Beringei is an embedded in-memory storage engine for time series data developed by Facebook. It was developed by Facebook to handle the growing scale of their system health monitoring data, as they needed a faster solution to storing constant stream of time series data, as well as a fast way to query this data.
The original name of the system was called Gorilla. The architecture was described in a VLDB 2015 research paper. The project was then open-sourced in 2017 and then discontinued in 2018. The original solution to handling monitoring data was an HBase-backed TSDB (Time series database), but the primary issues revolved around slow aggregate queries, and slow writes.
Beringei uses a checkpoint file to mark when complete block files are fully flushed to disk. When a file is complete, the database will mark this in the checkpoint and delete the corresponding logs. In the case of a failure to flush, such as a system crash, the checkpoint file will not exist when the system restarts, indicating that the block file may be corrupt, and it will read from the log instead.
Beringei features a time series compression algorithm that on average compresses each time series by 12x, without loss of resolution as some lossy compression algorithms would do, and works with double precision floating point values that are present in monitoring time series data.
The algorithm was derived from the floating point data compression scheme in scientific computation, that leverages XOR's with previous values to generate a delta encoding. Beringei does not do additional compression across the time series outside of this delta encoding. Each data point in the time series, the time stamp and the value, are represented by a pair of 64 bit values. Each timestamp/value is compressed separately, by using XOR's with the previous timestamp/value. The crux of the idea is that once we have stored the initial value, values following can XOR themselves with the previous value, and obtain the number of significant bits in difference, which is then encoded with a header that serializes the difference.
Time Stamp Compression
Beringei uses a "delta of deltas" compression for time stamps, as most time stamp data points are sent at a fixed interval. This allows the database to store the difference in time stamp, rather than the whole time stamp. It uses a simple schema for variable length encoding of time stamps after storing the initial time stamp, and the overall result is that 96% of time stamps can be compressed to a single bit.
Beringei compresses values in addition to time stamps. It uses the aformentioned XOR floating point compression with a variable length encoding scheme to store its values.
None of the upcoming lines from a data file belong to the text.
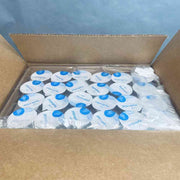 ClearH2O Hydrogel Barrier 2 oz Cup Case of 96 Cups Other ClearH2O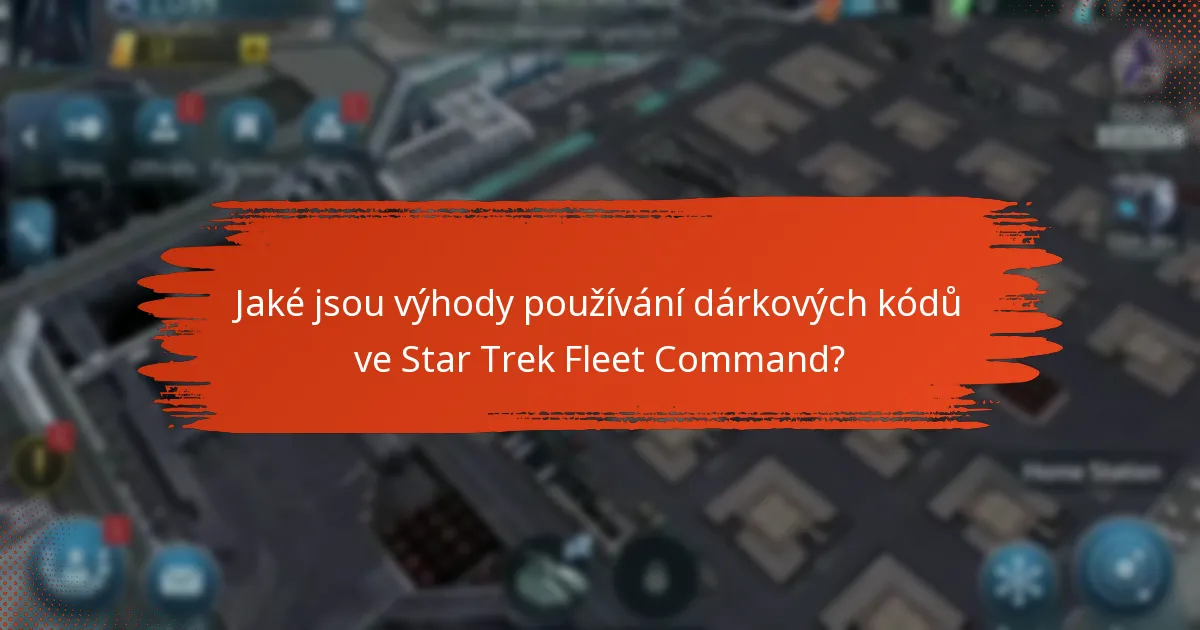 Jak se dárkové kódy srovnávají s nákupy ve hře?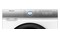 Pralko-suszarka Hisense WDQR1014EVAJM 10.0kg 1400obr./min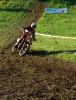 DSC01414.JPG
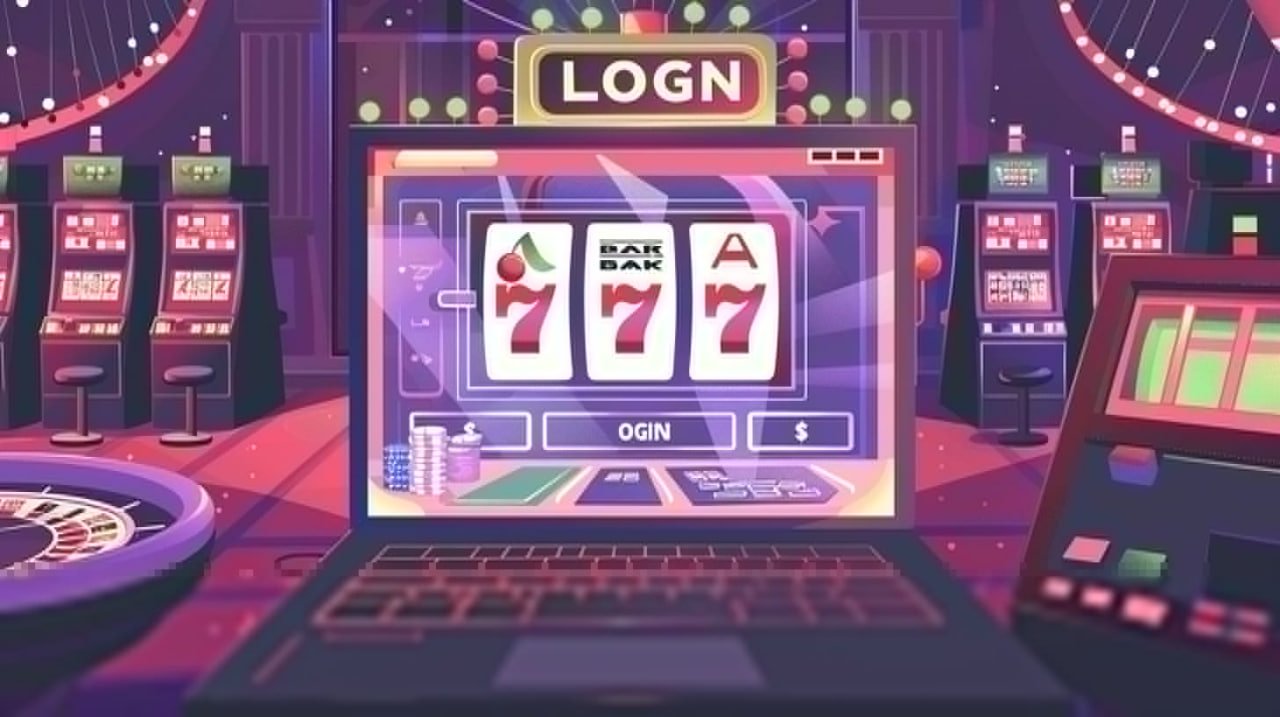 868bet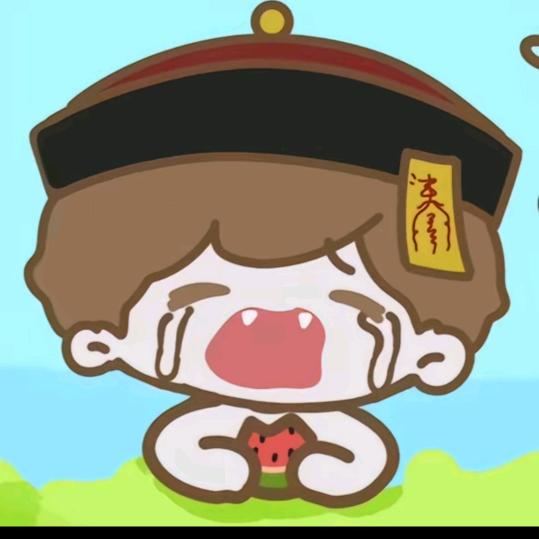 小小言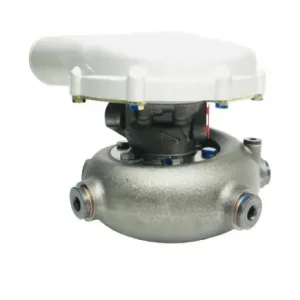 Oferta czasowa Turbo VM Marine 3.0L 150 KM 53269886493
Deterministic Concurrency Control
There is a single read-write spin lock that protects the TSmap and shared-pointer vector in the memory, and then a 1-byte spin lock is used for each time series. There is low contention between reads and writes since each individual series has low write throughput.
Beringei's primary data structure is a TSmap, or a Timeseries Map. It uses a C++ vector of shared-pointers to the time series names, and a case-insensitive map of time series names to the time series. The shared pointers allow scans to copy the vector quickly, while the map allows constant time lookup of a specific time series.
As Beringei does not offer ACID guarantees, there is no write-ahead-log. Instead, data is buffered up to 64kB and then flushed. This is typically 1-2 seconds of data, which was a designed tradeoff so that if the system crashed only a small amount of data would be lost.
Every two hours, the compressed block data is also copied to desk, as the compression makes it smaller than the log files. One complete block is produced for every two hours worth of data, structured as a set of 64kB data blocks, copied directly from memory, and a list of (time series ID, data block pointer) pairs.
Facebook has a custom developed query service that runs in its Operational Data Store, ODS, and within Beringei, queries are extremely low latency. They have also developed a number of analysis tools made possible by said low latency read queries.
Facebook developed a time-series correlation engine for Beringei. It allows for users to search multiple time series in an interactive manner, currently limited to 1 million at a time. It calculates the Pearson Product Moment Correlation Coefficient (PPMCC), cross comparing a single time series against a set of time series. This aid's the answering of questions of causation, such as "What happened around the time my service broke" (direct quote from VLDB research paper)
Due to the low latency read queries, data visualizations that involve large sets of data can be created quickly, and allows users to visualize scans across large datasets. This makes it easy to spot outliers and anomalies.
Aggregations Beringei periodically runs a background process that scans the database every two hours, generating new aggregate values. This helps reduce load on the HBase cluster.
Beringei was always designed to store all of the data in memory. It can also be used as a write through cache for other TSDBs, by acting as the intermediate store, in front of an on-disk TSDB.
N-ary Storage Model (Row/Record)
Beringei stores each datapoint in a 3-tuple, consisting of a unique string key, a 64-bit time stamp integer, and a double precision floating point value.
Beringei shards its monitoring data based on unique string keys, so that each time-series dataset can be mapped to a single host. Scaling of the database is simple since it has a share-nothing architecture.
Beringei can handle single node failures, network cuts, and entire datacenter failures by writing each time series value synchronously to two different hosts in two separate geographic regions. When a fault is detected, all read queries in one region are mapped to the other region so there is no disruption from the user end.